Segment Open

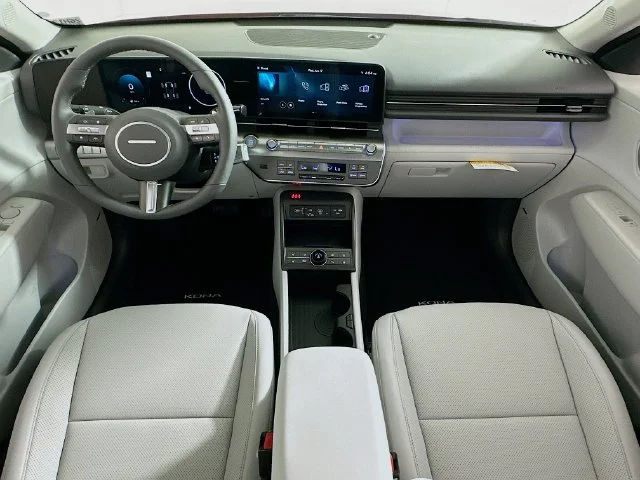 New 2026 Orange Hyundai Limited image 13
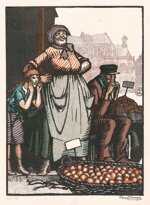 georges-leon-bruyer-francia-1883-1962-la-marchande-doranges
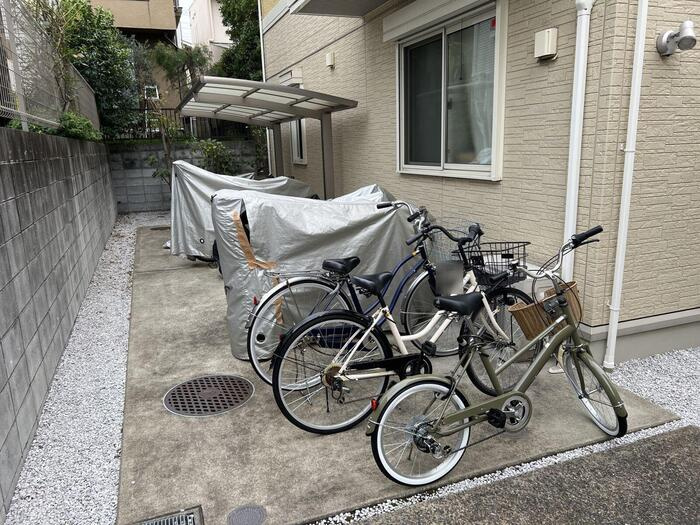 アストルムのその他共用部分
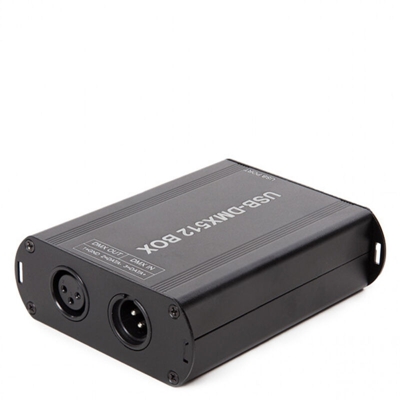 Controllore DMX600 Usb-Dmx512 (JM-DMX600 USB-DMX512) - GREENICE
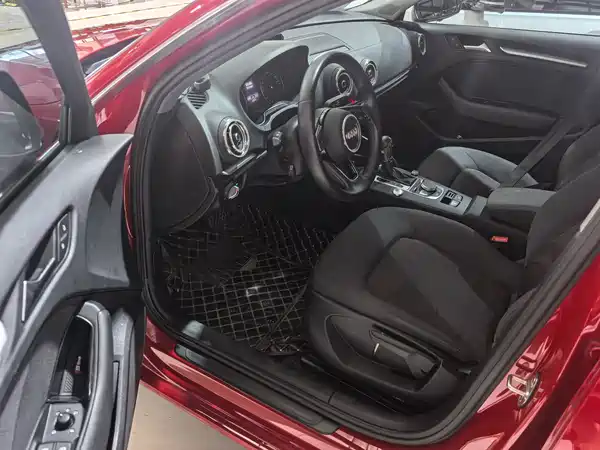 Audi A3 2020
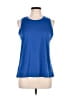 Kyodan Blue Sleeveless T-Shirt Size L - photo 1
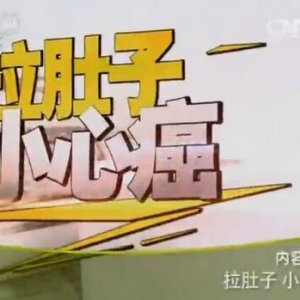 《健康之路》20151022:肠癌拉肚子的表现 胃癌引起拉肚子的特点 胰腺癌引起拉肚子的表现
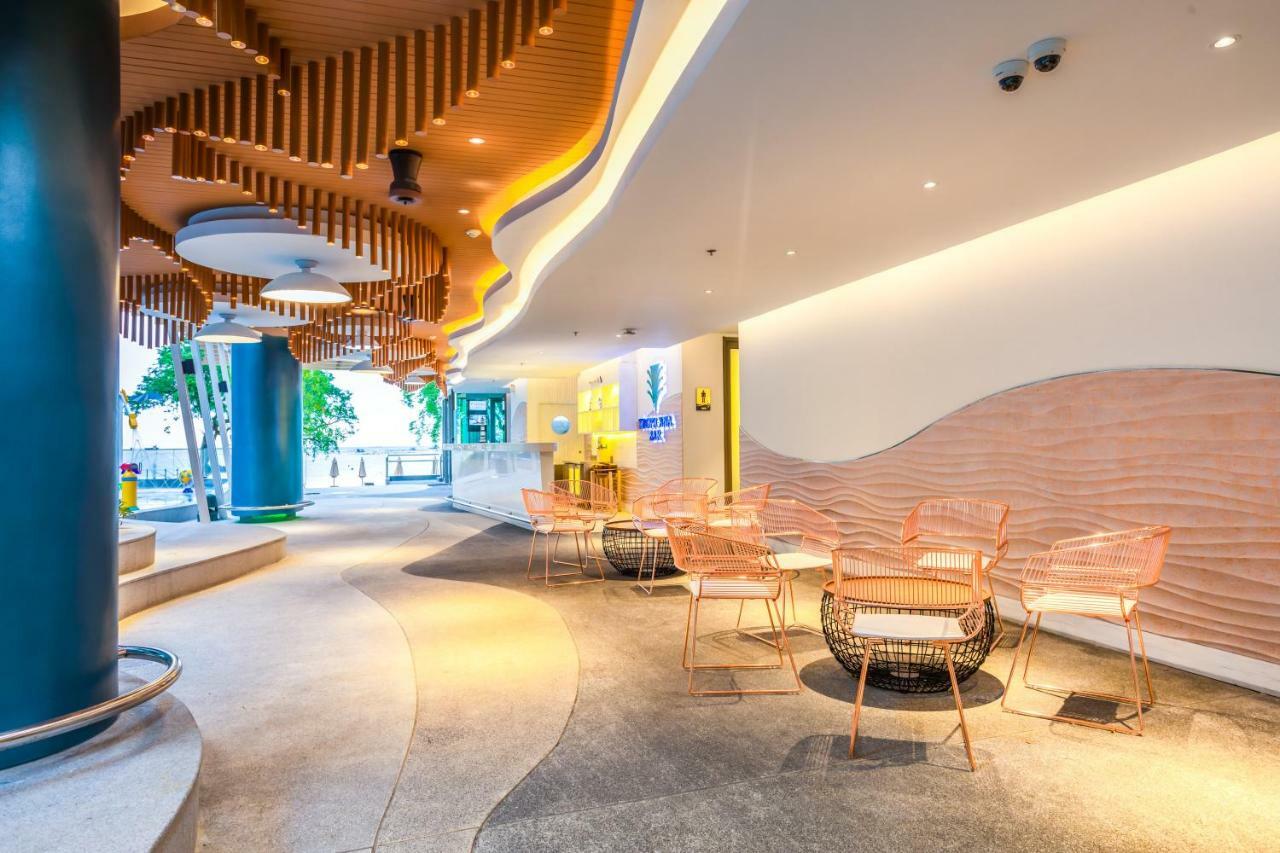 Centara Sonrisa Residences & Suites Sriracha Si Racha Extérieur photo
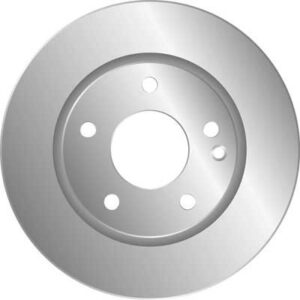 Jeu de disques de frein - D1269 MGA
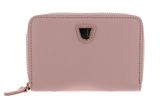 COCCINELLE Lucilla Zip Around Wallet New Pink COCCINELLE Lucilla Zip Around Wallet New Pink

Segment Closed

**Work required**. The full listing must come back exactly as written, with its pictures left out.

**Exercise result**.
 New 2026 Orange Hyundai Limited image 13
 georges-leon-bruyer-francia-1883-1962-la-marchande-doranges
 アストルムのその他共用部分
 Controllore DMX600 Usb-Dmx512 (JM-DMX600 USB-DMX512) - GREENICE
 Audi A3 2020
 Kyodan Blue Sleeveless T-Shirt Size L - photo 1
 《健康之路》20151022:肠癌拉肚子的表现 胃癌引起拉肚子的特点 胰腺癌引起拉肚子的表现
 Centara Sonrisa Residences & Suites Sriracha Si Racha Extérieur photo
 Jeu de disques de frein - D1269 MGA
 COCCINELLE Lucilla Zip Around Wallet New Pink COCCINELLE Lucilla Zip Around Wallet New Pink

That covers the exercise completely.